I realized yesterday morning that it was the feast day of St. James of Jerusalem, who is the patron saint of our parish. Next year, we will be sure to celebrate James' feast on a Sunday! 

He lived so long ago, there is only so much we can know about James.  He was thought to have been related to Jesus - perhaps even his own brother or step brother.  He became the bishop of Jerusalem and was often called "Old Camel Knees" because he prayed so much that his knees were calloused.  His judgement and wisdom, along with his faithfulness earned him the title "James the Just," and this is a wonderful legacy for a parish that claims a ministry of justice. 
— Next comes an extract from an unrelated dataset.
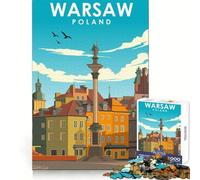 Varsovia, Polonia Rompecabezas de 1000 Piezas para Adultos y Adolescentes Entrenamiento Mental Escape Sereno Corte láser Bonito Regalo (38x52cm)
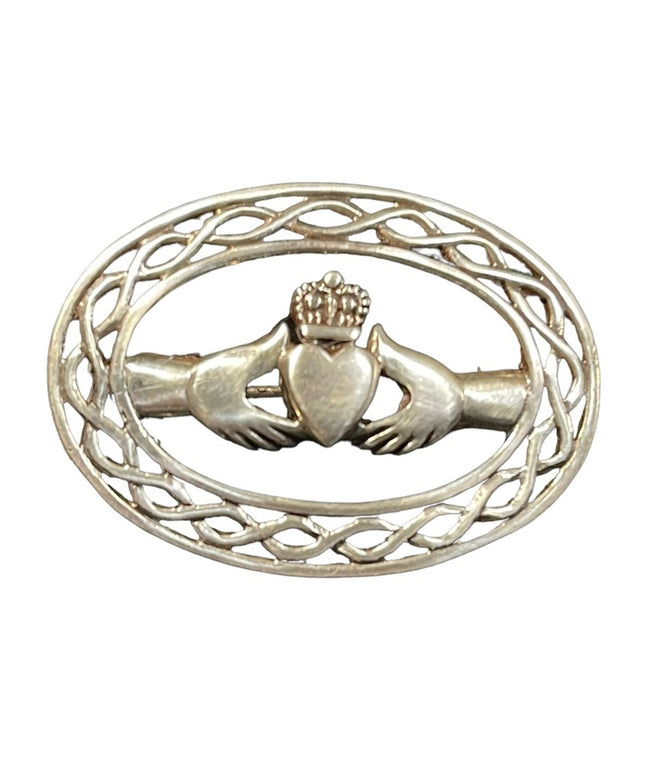 Sterling silver 925 Clauddah Brooch Celtic Irish wedding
James also makes an important appearance in the book of Acts, when Paul is visiting Jerusalem to inform the respected elders and apostles there about his travels. I wonder what Paul's listeners thought as he told them that Greeks and other gentiles, people considered 'unclean,' were the ones most enthusiastically joining their new movement.  They listen to Paul's testimony, and when he is done, James is the one who speaks up.  He says that he has discerned that what Paul has told them is congruent with what he understands in Scripture, and that he has discerned that there is no reason to treat Gentile believers any differently than Jewish ones.  Brother Luke Ditewig of SSJE writes that James "is the pivotal figure who leads the early church to affirm huge change, to welcome Gentiles, all people, as equal followers of Jesus. He discerns that the inclusion of outsiders actually fits with the grand narrative promise, that all people may be able to seek God."  James' legacy of welcome and inclusion is a particularly relevant and important one in our day and age.

In our gospel for this Sunday, Jesus will once again be rubbing elbows and spending time with people others thought were unclean or undeserving.  He even invites himself to dinner at the home of the scorned chief tax collector, Zaccheus. This, like so many of the radical things Jesus did, bent some noses seriously out of shape. Yet Jesus chooses continually to reach out to those on the margins and offer God's love every time, continually challenging our assumptions.

Is there anyone in your life or in the world that you have trouble accepting?  Are there those that you may judge to be somehow beneath you in some way?  Is there someone in your own life who does not meet your approval and you continually try to change?  Or - have you ever been on the other end and felt harshly judged by others?  Or felt like an outcast?  Or felt shame about being who you are? Our first impressions and biases either way can often be mistaken.  How do Jesus, James the Just and little Zaccheus challenge our assumptions about God and about others?  Our readings will help us explore that this Sunday and I hope you'll be there.